What needs to be done -> Return all of the data below verbatim and exclude every picture.
----- Input data -----
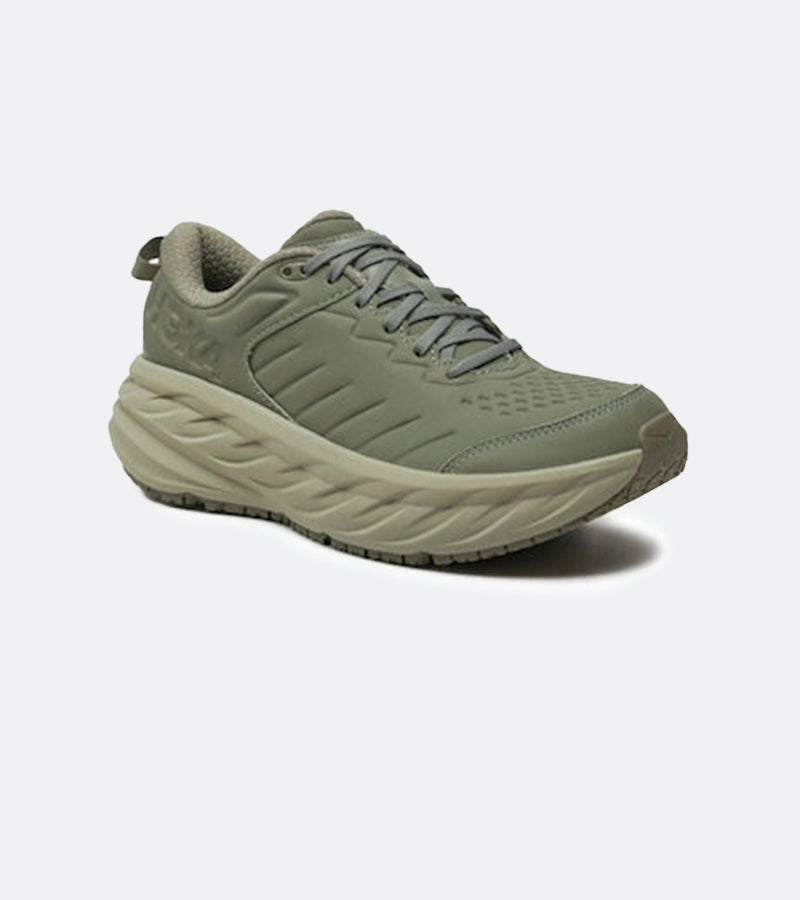 HOKA Bondi SR - Olive Haze / Barley
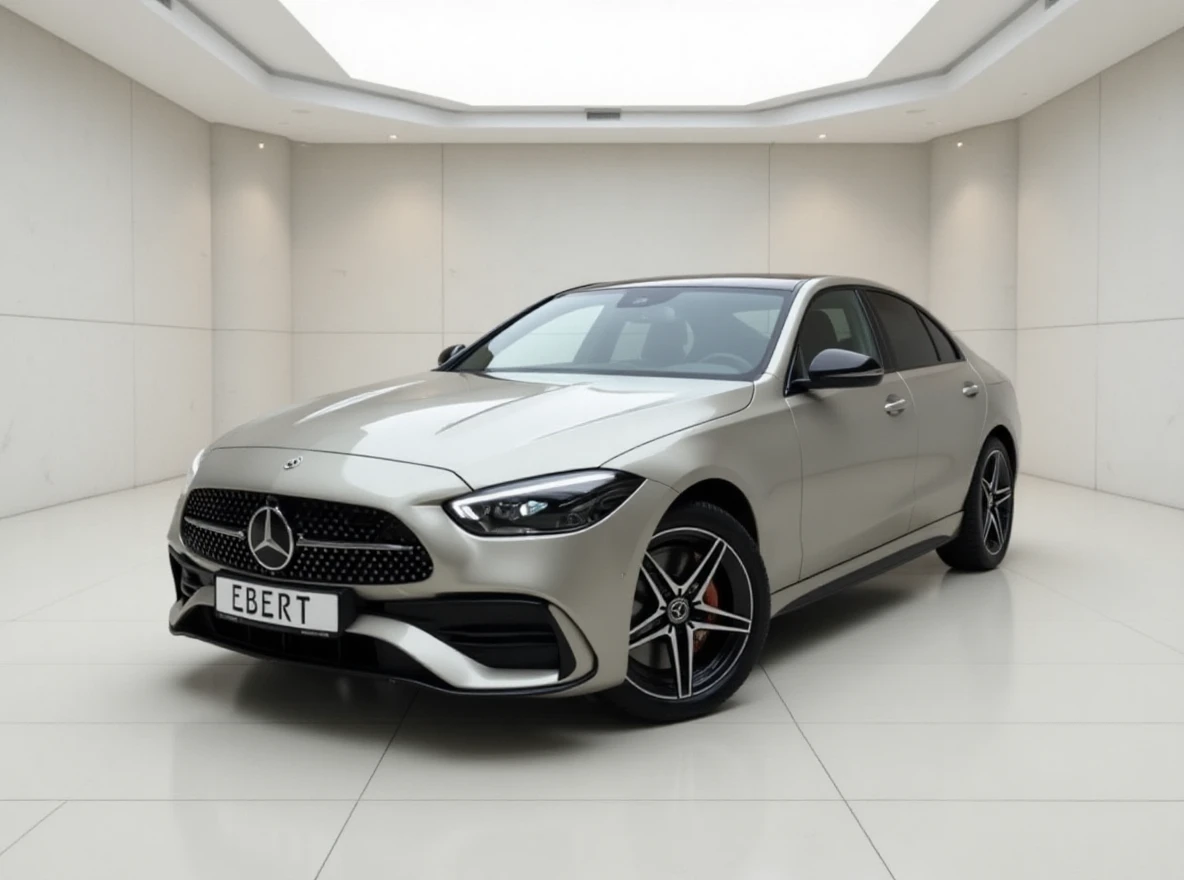 Mercedes-Benz C 300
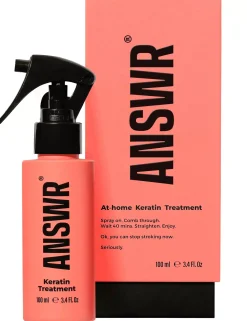 ANSWR At-Home Keratin Treatment 100 ml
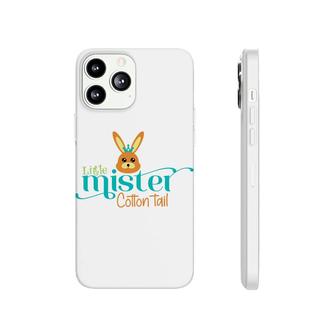 Little Mister Cotton Tail Funny Phonecase iPhone | Mazezy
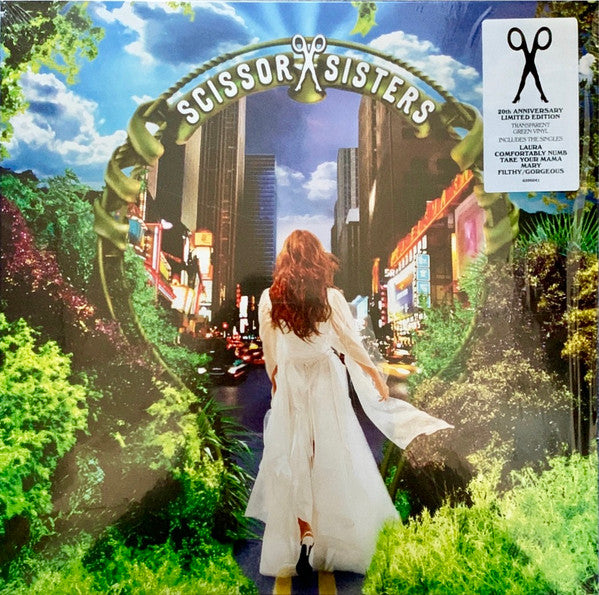 Scissor Sisters - Scissor Sisters (LP)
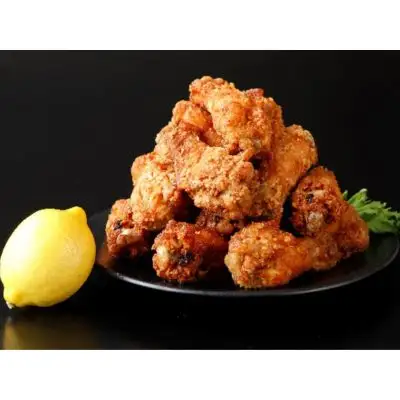 No.2663伊達鶏の骨付きフライドチキン 5本入り×4P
-----
Answer to the problem ->
 HOKA Bondi SR - Olive Haze / Barley
 Mercedes-Benz C 300
 ANSWR At-Home Keratin Treatment 100 ml
 Little Mister Cotton Tail Funny Phonecase iPhone | Mazezy
 Scissor Sisters - Scissor Sisters (LP)
 No.2663伊達鶏の骨付きフライドチキン 5本入り×4P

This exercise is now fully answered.